PROVIDED MATERIAL =
+---+
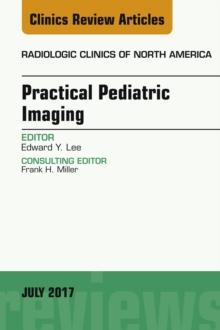 Practical Pediatric Imaging, An Issue of Radiologic Clinics of North America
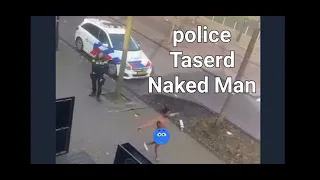 A naked man is tasered by police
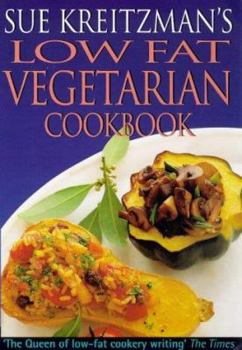 Paperback Sue Kreitzman's Low-fat Vegetarian Cookbook Book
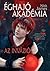 Az invázió (Éghajó Akadémia #2)
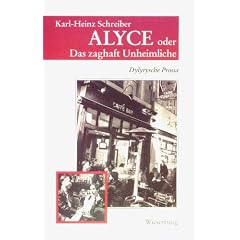 ALYCE oder Das zaghaft Unheimliche "Dylyrysche Prossa"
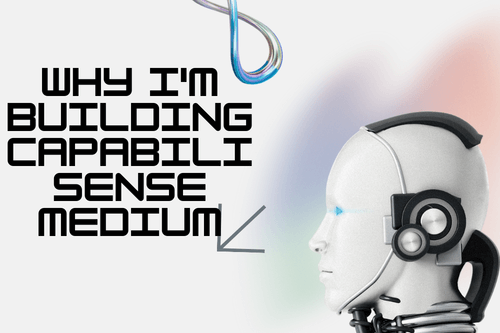 Why I'm Building CapabiliSense Medium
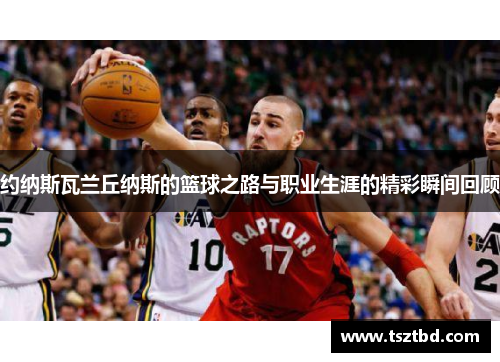 约纳斯瓦兰丘纳斯的篮球之路与职业生涯的精彩瞬间回顾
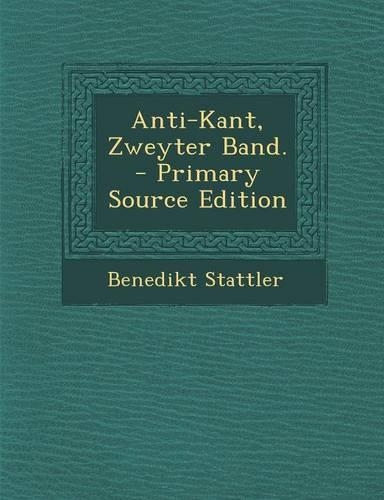 Anti-Kant, Zweyter Band.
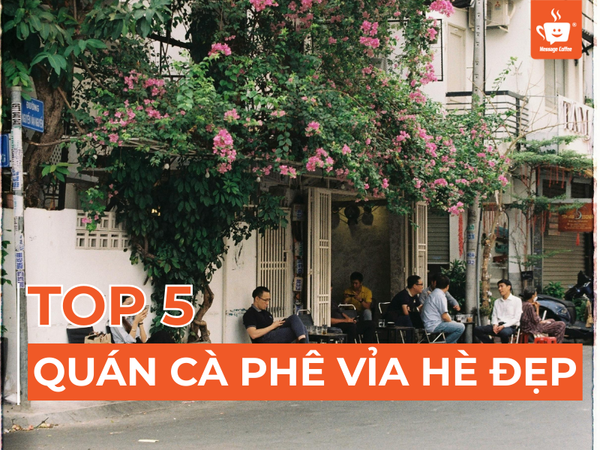Top 5 Mẫu Quán Cà Phê Vỉa Hè Đẹp Có Phong Cách Thiết Kế Hút Khách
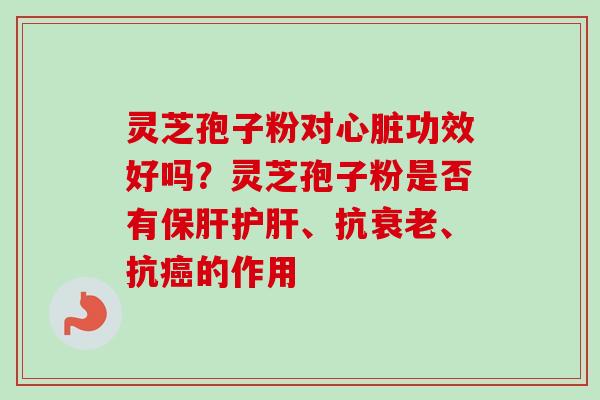灵芝孢子粉对心脏功效好吗?灵芝孢子粉是否有保肝护肝、抗衰老、抗癌的作用-第1张图片-卓越灵芝孢子粉 灵芝孢子粉对心脏功效好吗?灵芝孢子粉是否有保肝护肝、抗衰老、抗癌的作用-第1张图片-卓越灵芝孢子粉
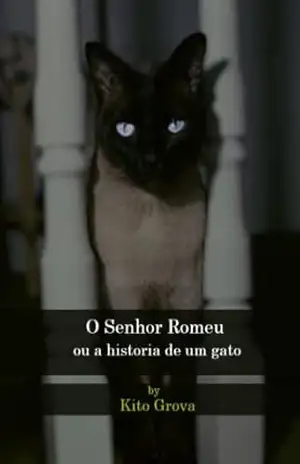 O Senhor Romeu: ou a historia de um gato – Kito Grova
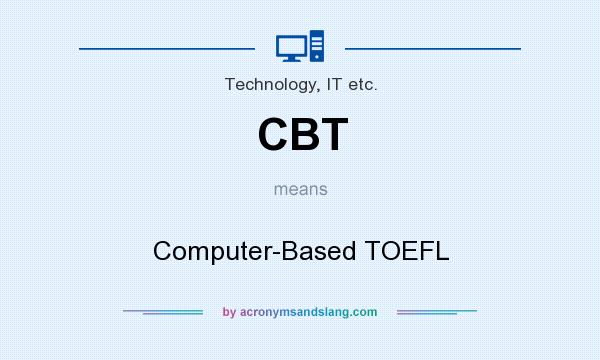 What does CBT mean? It stands for Computer-Based TOEFL
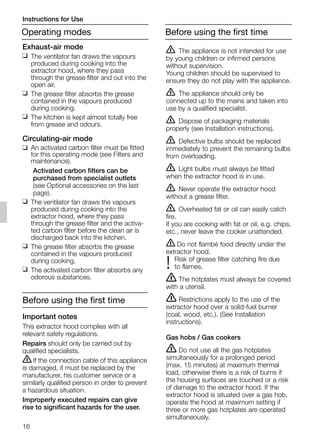 16
ṇ The appliance is not intended for use
by young children or infirmed persons
without supervision.
Young children should be supervised to
ensure they do not play with the appliance.
ṇ The appliance should only be
connected up to the mains and taken into
use by a qualified specialist.
ṇ Dispose of packaging materials
properly (see Installation instructions).
ṇ Defective bulbs should be replaced
immediately to prevent the remaining bulbs
from overloading.
ṇ Light bulbs must always be fitted
when the extractor hood is in use.
ṇ Never operate the extractor hood
without a grease filter.
ṇ Overheated fat or oil can easily catch
fire.
If you are cooking with fat or oil, e.g. chips,
etc., never leave the cooker unattended.
ṇ Do not flambé food directly under the
extractor hood.
Risk of grease filter catching fire due
! to flames.
ṇ The hotplates must always be covered
with a utensil.
ṇ Restrictions apply to the use of the
extractor hood over a solid-fuel burner
(coal, wood, etc.). (See Installation
instructions).
Gas hobs / Gas cookers
ṇ Do not use all the gas hotplates
simultaneously for a prolonged period
(max. 15 minutes) at maximum thermal
load, otherwise there is a risk of burns if
the housing surfaces are touched or a risk
of damage to the extractor hood. If the
extractor hood is situated over a gas hob,
operate the hood at maximum setting if
three or more gas hotplates are operated
simultaneously.
Exhaust-air mode
❑ The ventilator fan draws the vapours
produced during cooking into the
extractor hood, where they pass
through the grease filter and out into the
open air.
❑ The grease filter absorbs the grease
contained in the vapours produced
during cooking.
❑ The kitchen is kept almost totally free
from grease and odours.
Circulating-air mode
❑ An activated carbon filter must be fitted
for this operating mode (see Filters and
maintenance).
Activated carbon filters can be
purchased from specialist outlets
(see Optional accessories on the last
page).
❑ The ventilator fan draws the vapours
produced during cooking into the
extractor hood, where they pass
through the grease filter and the activa-
ted carbon filter before the clean air is
discharged back into the kitchen.
❑ The grease filter absorbs the grease
contained in the vapours produced
during cooking.
❑ The activated carbon filter absorbs any
odorous substances.
Before using the first time
Important notes
This extractor hood complies with all
relevant safety regulations.
Repairs should only be carried out by
qualified specialists.
ṇIf the connection cable of this appliance
is damaged, it must be replaced by the
manufacturer, his customer service or a
similarly qualified person in order to prevent
a hazardous situation.
Improperly executed repairs can give
rise to significant hazards for the user.
Operating modes
Instructions for Use
Before using the first time
5750.197 457+458.Bo/Si.qxd 24.01.2005 10:08 Uhr Seite 16
 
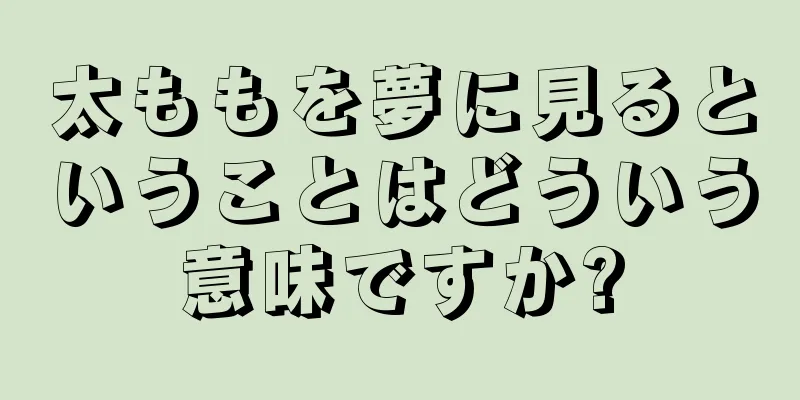 太ももを夢に見るということはどういう意味ですか?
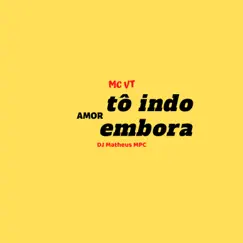 Amor Tô Indo Embora - Single by MC VT & DJ Matheus MPC album reviews, ratings, credits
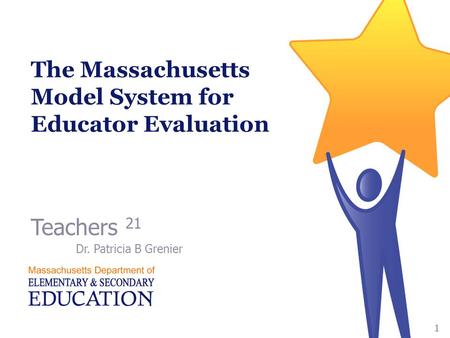 The Massachusetts Model System for Educator Evaluation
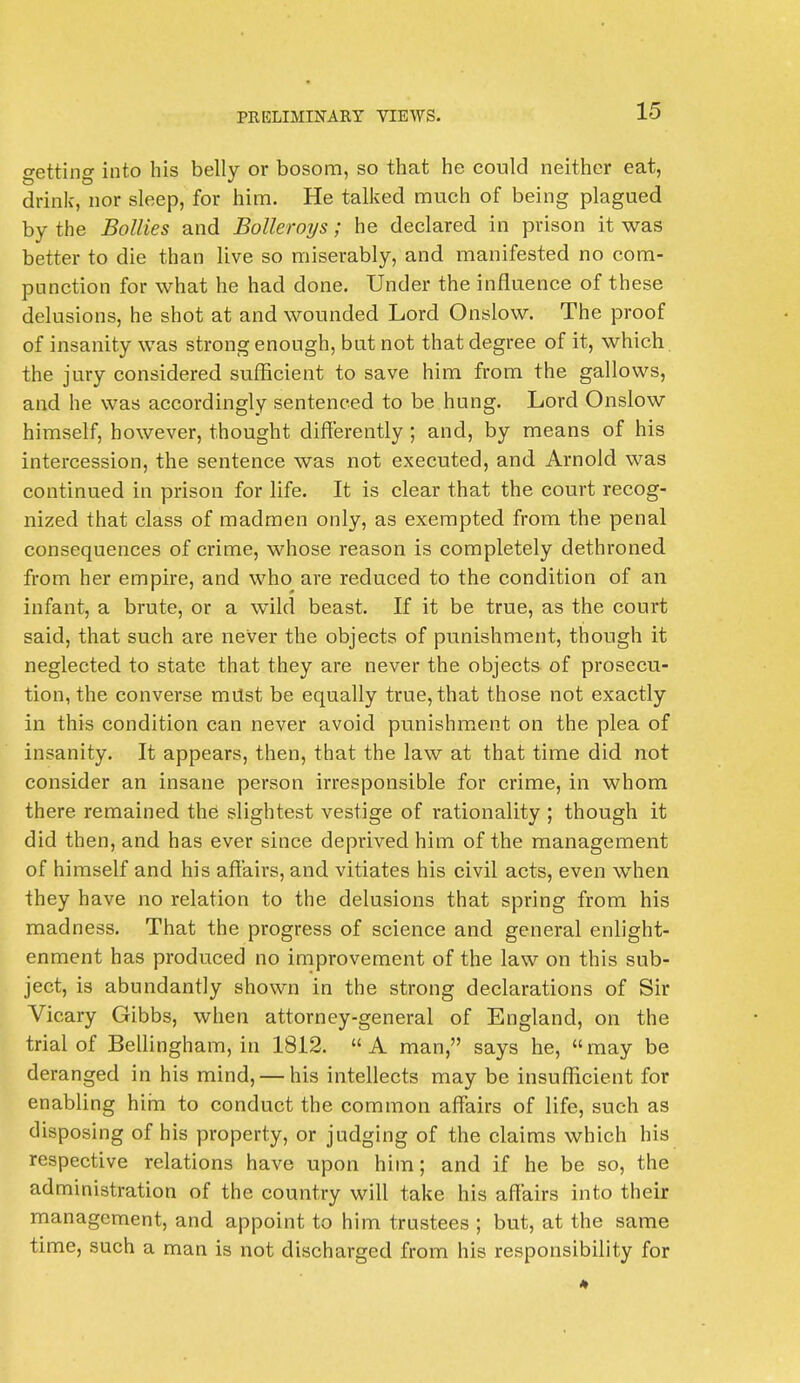 getting into his belly or bosom, so that he could neither eat, drink, nor sleep, for him. He talked much of being plagued by the Bollies and Bolleroys; he declared in prison it was better to die than live so miserably, and manifested no com- punction for what he had done. Under the influence of these delusions, he shot at and wounded Lord Onslow. The proof of insanity was strong enough, but not that degree of it, which the jury considered sufficient to save him from the gallows, and he was accordingly sentenced to be hung. Lord Onslow himself, however, thought differently ; and, by means of his intercession, the sentence was not executed, and Arnold was continued in prison for life. It is clear that the court recog- nized that class of madmen only, as exempted from the penal consequences of crime, whose reason is completely dethroned from her empire, and who are reduced to the condition of an infant, a brute, or a wild beast. If it be true, as the court said, that such are never the objects of punishment, though it neglected to state that they are never the objects of prosecu- tion, the converse must be equally true, that those not exactly in this condition can never avoid punishment on the plea of insanity. It appears, then, that the law at that time did not consider an insane person irresponsible for crime, in whom there remained the slightest vestige of rationality ; though it did then, and has ever since deprived him of the management of himself and his affairs, and vitiates his civil acts, even when they have no relation to the delusions that spring from his madness. That the progress of science and general enlight- enment has produced no improvement of the law on this sub- ject, is abundantly shown in the strong declarations of Sir Vicary Gibbs, when attorney-general of England, on the trial of Bellingham, in 1812. A man, says he, may be deranged in his mind, — his intellects may be insufficient for enabling him to conduct the common affairs of life, such as disposing of his property, or judging of the claims which his respective relations have upon him; and if he be so, the administration of the country will take his affairs into their management, and appoint to him trustees ; but, at the same time, such a man is not discharged from his responsibility for *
+---+
WHAT THIS TASK INVOLVES = What lines in the entries contain "fitted"? Report each one by copying it.

SOLUTION =
ṇ Light bulbs must always be fitted
❑ An activated carbon filter must be fitted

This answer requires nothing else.